I am facing an issue from yesterday.
After creating a new stack of buildkite for elastic builders, the creation of stack happens correctly, but when I trigger a job and instance is starting to create and initialising, the instance terminates automatically without start the job and keeps creating itself.
I am not able to find anything specific in the logs.
Firstly, I’d advise removing any screenshots that contain any value named token, just in case.
Are you using any custom variables or is this an out-of-the-box install? Are there any errors in the actual Cloud Foamation stack output, rather than the ec2 logs?
I am not using any custom variables.
I have list of parameters which are the same which I was using before.
I know there are a set of parameter names that were changes in version v6.x
But I used the same parameter file which I used before for the version V5.21.0
The issues are very strange happening with the latest version as well. They were working two days back but yesterday when tried recreating, I got this instance recreating again and again.
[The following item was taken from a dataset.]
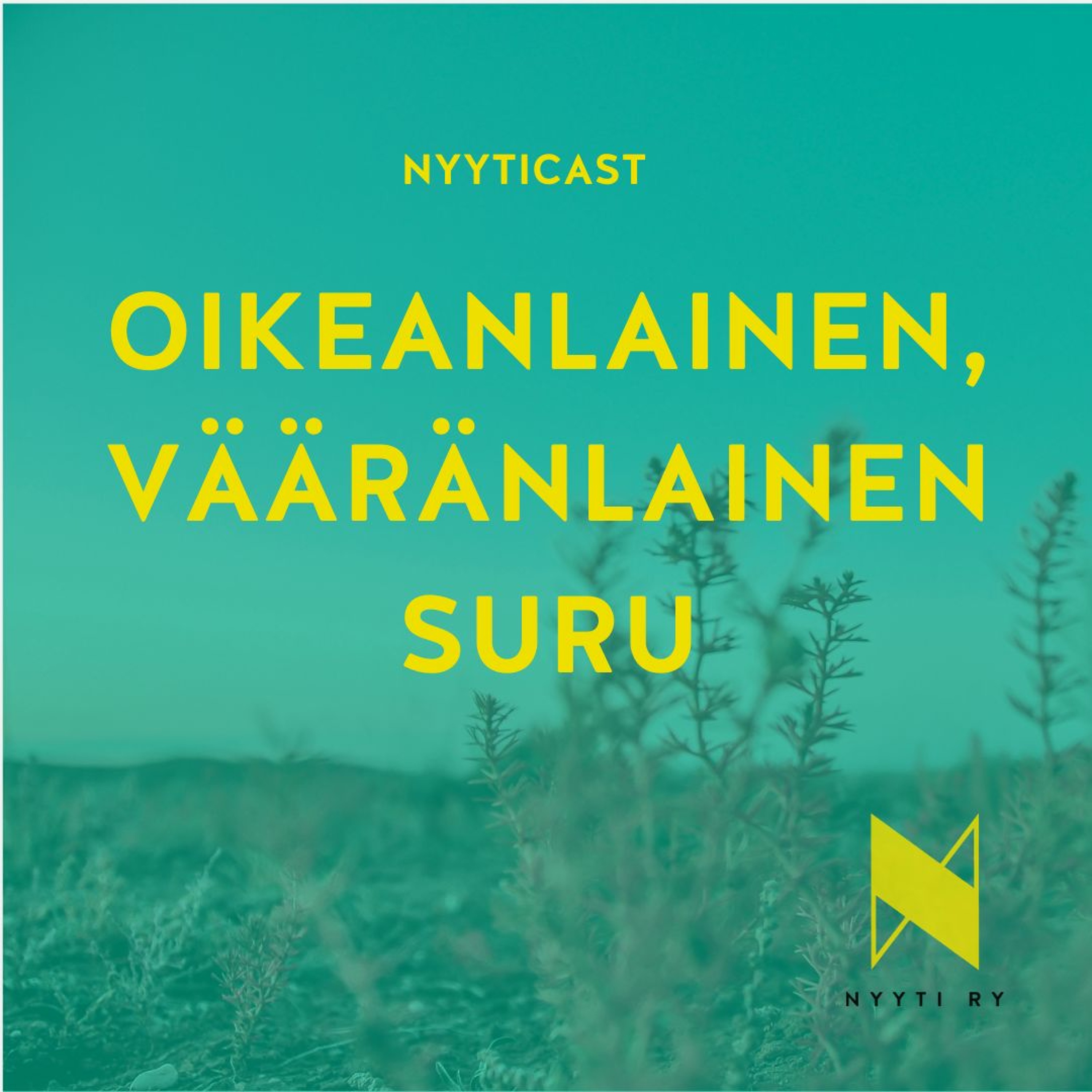 NyytiCast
I use some custom variables in the /environment script. The variables are passed on build job is triggered.
They were working before as expected. If they are unset, the job should fail and expected behaviour.
I dont use any custom AMI. The stack uses the AMI mentioned in stack config file.
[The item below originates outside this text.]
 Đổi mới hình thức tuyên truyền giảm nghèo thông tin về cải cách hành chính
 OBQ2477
If you could email any logs you have to support@buildkite.com we’ll be able to dive deeper in to the issue and see what the cause is. It’s not clear from the error snippet but looks like maybe a file is missing.
With regards to the latest version stack errors, I have fixed. There was a file missing due to which it was happening.
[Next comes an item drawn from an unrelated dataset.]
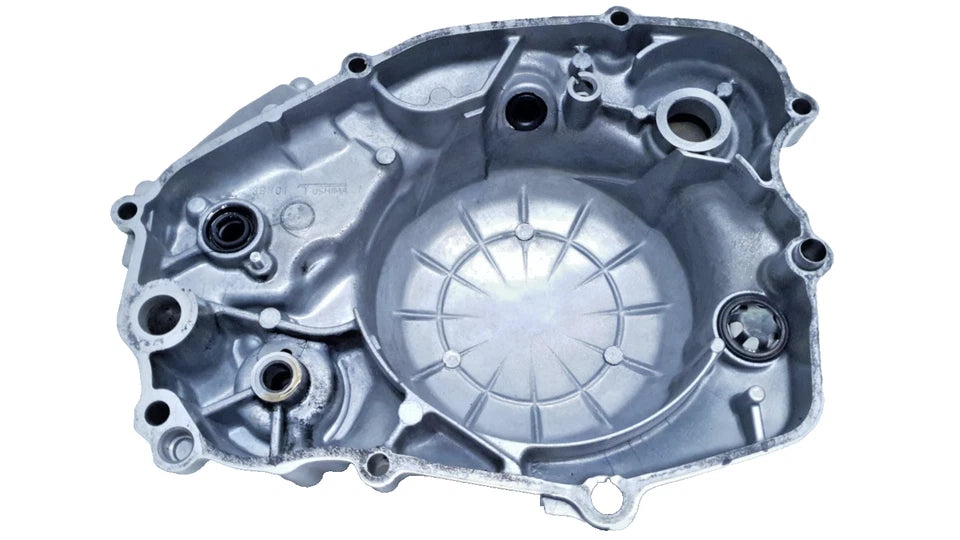 Carter d'embrayage Yamaha TDR 125 1997 Réf : 3BN-15421-11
But i came across an interesting case which I could not understand.
I have two stacks
Stack1:
queue:frontend
tags:build=true
Stack2:
queue:frontend
tags:deploy=true
Now when a job with tags
queue:frontend
tags:build=true
is triggered, stack1 obviously had another issue due to which instance was restarting, but a instance of stack2 was also created by elastic-ci but the job was not place on stack2’s instance (which i understand to be obvious)
Is queue name being same for two stack can cause confusion ?
Still looking for issue in V5.21.0 stack i have been facing.
The original issue is solved.
It seems there was an issue with the bootstrap script. The logs didnt clearly say what error, but some non zero exit code causing instance unhealthy and causing the termination of instances. Removing block of code from bootstrap script worked for me. Might need to investigating the cause but thats a separate issue.